MOYENS ANNEXES au présent arrêt Moyens produits par la SCP Thouvenin, Coudray et Grévy, avocat aux Conseils, pour M.
X...
PREMIER MOYEN DE CASSATION Le moyen fait grief à l'arrêt attaqué d'AVOIR débouté le salarié de sa demande tendant à la condamnation de la société à lui payer la somme de 5 000 euros à titre de dommages et intérêts pour violation de l'article L 4121-1 du code du travail et de l'AVOIR débouté de sa demande tendant à voir dire que le licenciement est sans cause réelle et sérieuse et voir condamner la société à lui payer les sommes de 9 359,22 euros au titre de l'indemnité pour licenciement sans cause, 2 339,79 euros au titre de l'indemnité de préavis et 233,97 euros au titre des congés payés afférents ainsi que 8 918,71 euros au titre du reliquat de l'indemnité de licenciement ; AUX MOTIFS propres QUE M.
Jean-Marc X... a été licencié le 29 novembre 2011 pour inaptitude à tous les postes en une seule visite le 2 novembre 2011 ( ) ; que sur le lien entre les conditions de travail et l'inaptitude et l'obligation de sécurité, que M.

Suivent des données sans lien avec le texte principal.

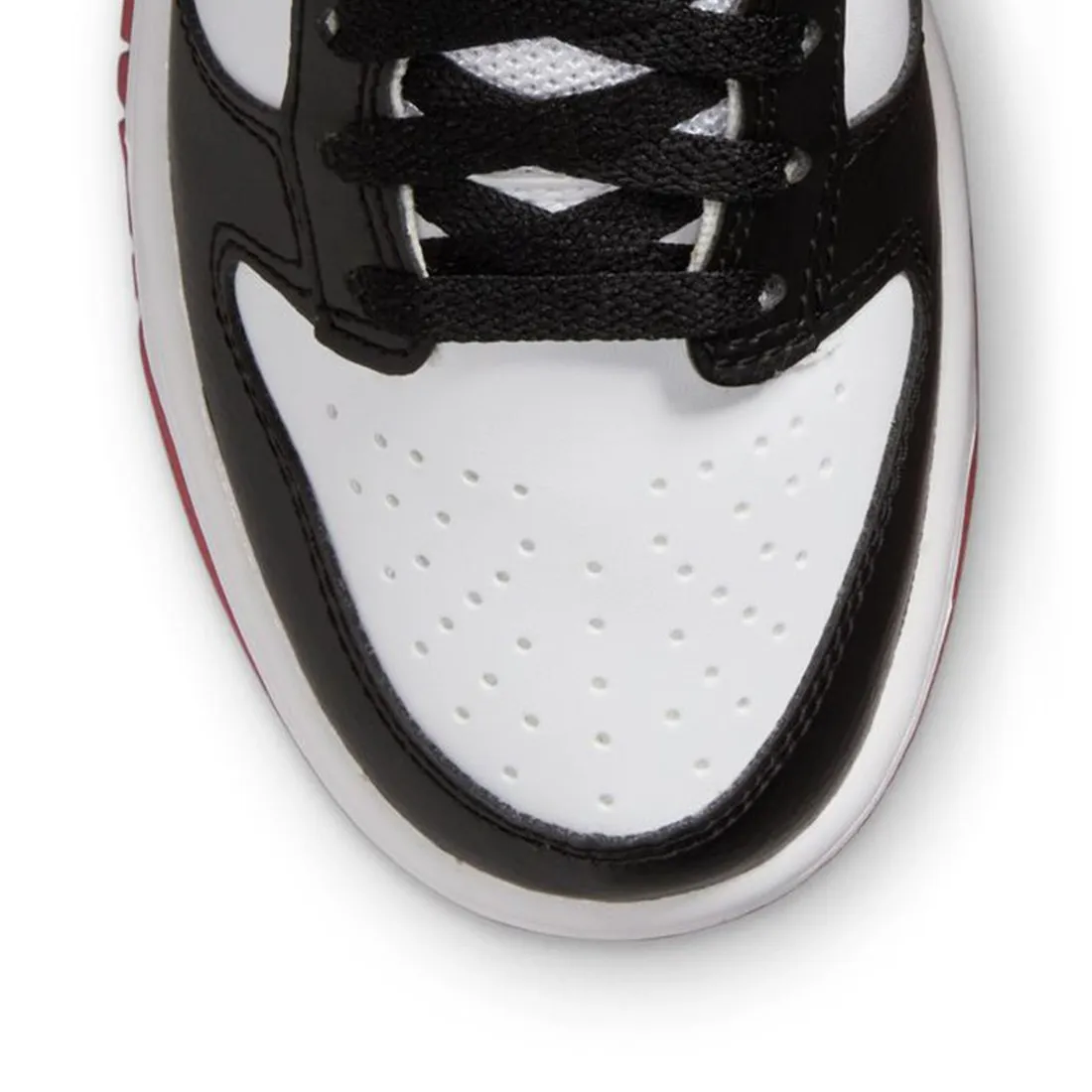 Nike Big Kids Dunk Low Gs (gym red / black-white)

Jean-Marc X... reproche à son employeur : de lui avoir demandé de déménager à quatre reprises, sans aucun matériel de manutention ni vêtements, gants et chaussures appropriées, le stock des bouteilles de gaz à l'origine d'un accident du travail le 28 mars 2007 provoqué par une chute sur l'aire de la station-service qui a provoqué une hernie discale cervicale et une hernie discale lombaire, il a repris le travail le 1er mars 2008 en mi-temps thérapeutique à la suite des visites de reprise des 19 février et 3 mars 2008 et de l'avis de la CPAM du 17 mars 2008, qu'à réception de la fiche d'aptitude à mi-temps du 1er août 2008, l'employeur l'a obligé à signer un avenant au contrat sans délai de réflexion ; qu'il lui reproche également un poste de travail non adapté et défectueux par le transport journalier des bouteilles de gaz, la gestion du stock de carburant, l'ergonomie inadaptée du poste de travail dans la cabine, le mauvais fonctionnement de l'hygiaphone et du tiroir permettant le paiement des clients qui est à l'origine de la grave détérioration des tendons d'Achille, de son acuité auditive, de son acuité visuelle et d'une grave détérioration de sa santé psychique et de son épaule gauche entraînant une opération chirurgicale et la reconnaissance de cette affection en maladie professionnelle à compter du 29 septembre 2010 ainsi que la reconnaissance d'une invalidité de catégorie 1 à compter du 1er août 2008 puis de catégorie 2 à compter du 1er octobre 2011 dont il a informé son employeur par courrier du 30 septembre 2011 ; qu'à l'occasion de mise à jour du document unique d'évaluation des risques, le médecin du travail a fait une visite des lieux et une étude de différents postes dont la station pour laquelle il indique dans une lettre du 23 mai 2003 que la station est globalement très correcte ; que M.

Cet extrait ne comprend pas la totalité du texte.